Dressed in a blue Oxford-cloth shirt, khakis and penny-loafers, Hales spent a relaxed evening at his campaign headquarters on Southeast grand Avenue, schmoozing with supporters who drifted in and out, grabbing hot dogs and shaved ice from sidewalk vendors.
The hand-written results showed him nine points ahead of State Rep. Jefferson Smith (D-Portland) and 15 ahead of businesswoman Eileen Brady never changed, which also mirrored the steady nature of Hales' campaign.
"Charlie was like a steam-engine gathering speed in this race," says his campaign treasurer, Mike Lindberg, who served three terms on the Portland City Council. "It took him a while to get up to speed."
Lindberg pointed to a couple of key points in the campaign, which he says helped Hales chug past Brady, the early leader.
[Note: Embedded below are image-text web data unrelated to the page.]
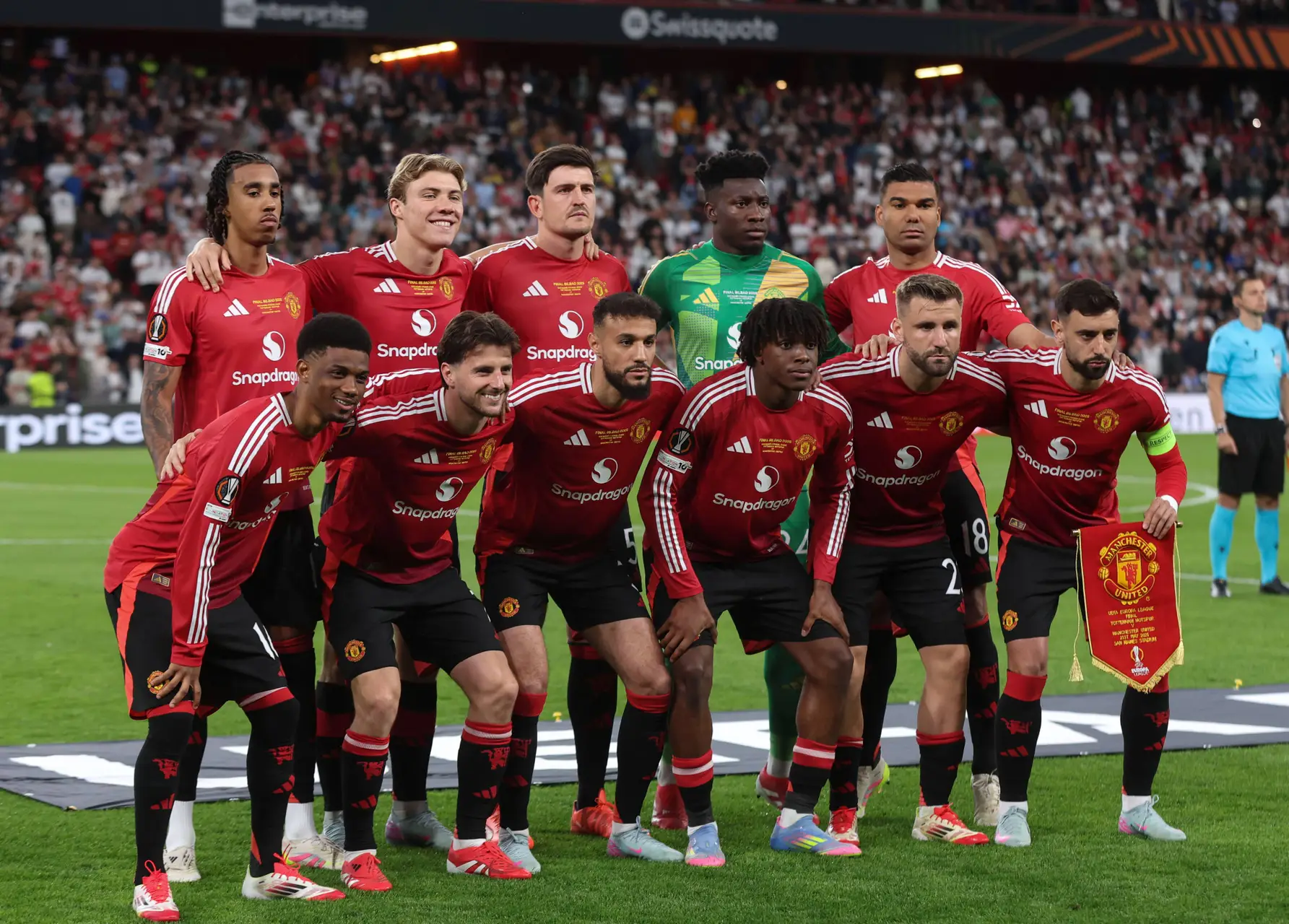 man united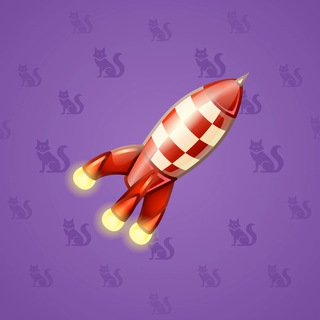 Stellar Rocket #56787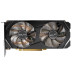 Card màn hình NVIDIA GeForce GTX 1660 Super Galax cũ | 6GB GDDR6, 1408 CUDA, 450W - 1
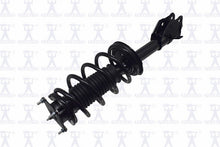 Charger l'image dans la galerie, 2333363L Front Left Suspension Strut and Coil Spring Assembly FCS Shocks &amp; Struts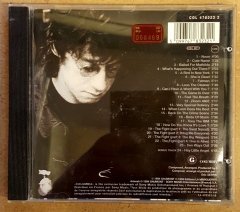 LEON SOUNDTRACK (1994) ERIC SERRA CD 2.EL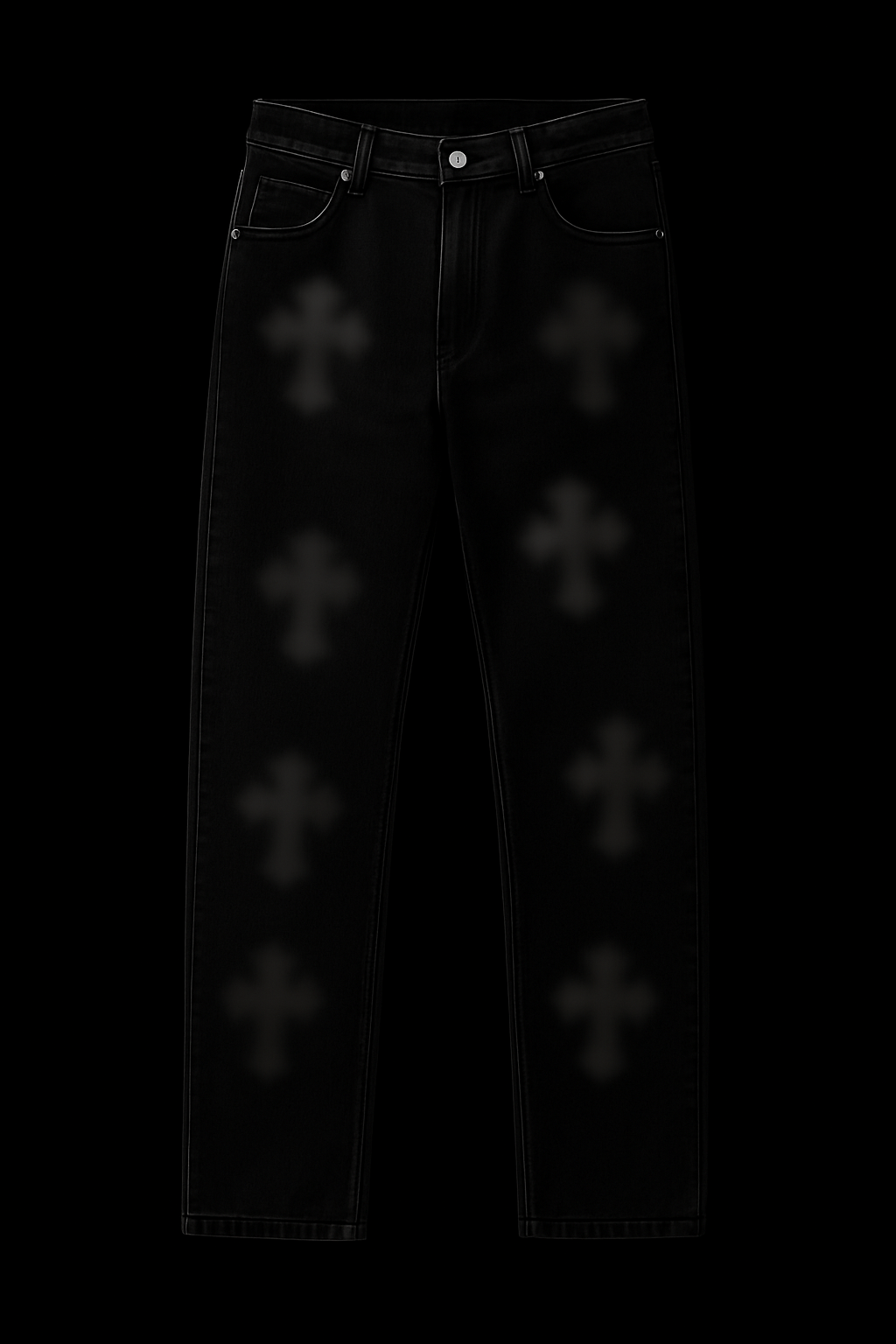 Crm Heart Jeans
– Freshplug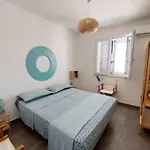 Casa Palombara - Healiday In Torre Salsa *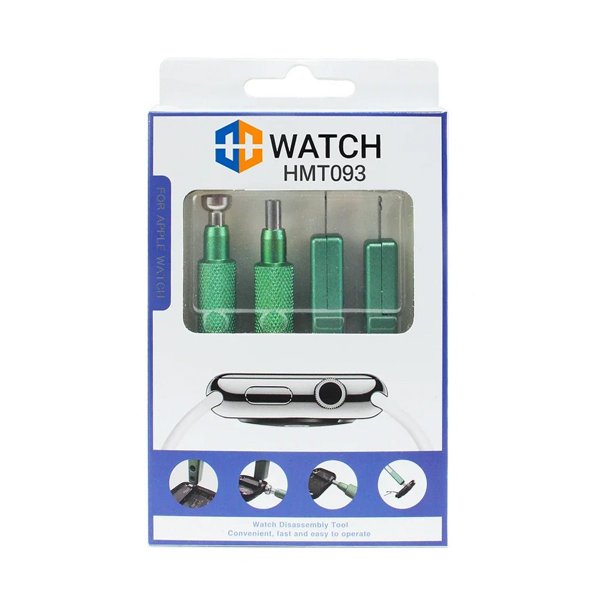 HMT093 Purkutyökalusarja Apple Watch S 4 5 6 7 8 9 SE:lle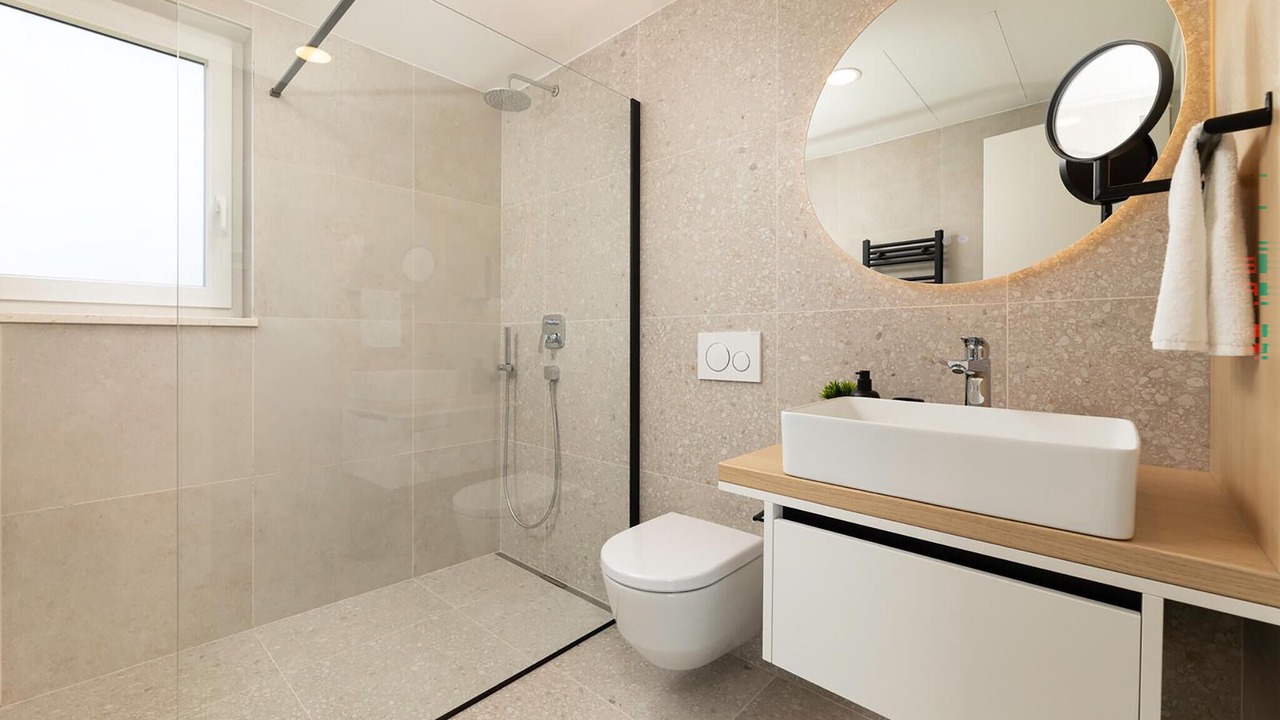 Photo of Bathroom in Sveti Vid-Miholjice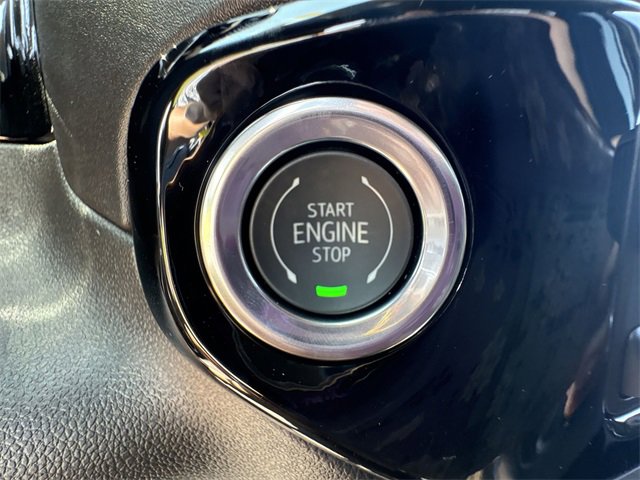 New 2026 Chevrolet Silverado 1500 RST image 17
Lindberg thought the endorsement of former Mayor Vera Katz really helped Hales. "Most endorsements don't make a difference," Lindberg says. "That one did. Then for Charlie to get the endorsements of The Oregonian, Willamette Week and the Mercury and The Skanner, that's an unusual combination."
"It's a quirky town," Lindberg says. "The day Eileen said 'I'm going to spend $1 million in the primary'—not only don't you do that, but you don't say it."
As he finished speaking, a Portland streetcar—the thing with which Hales is most closely associated—rolled by.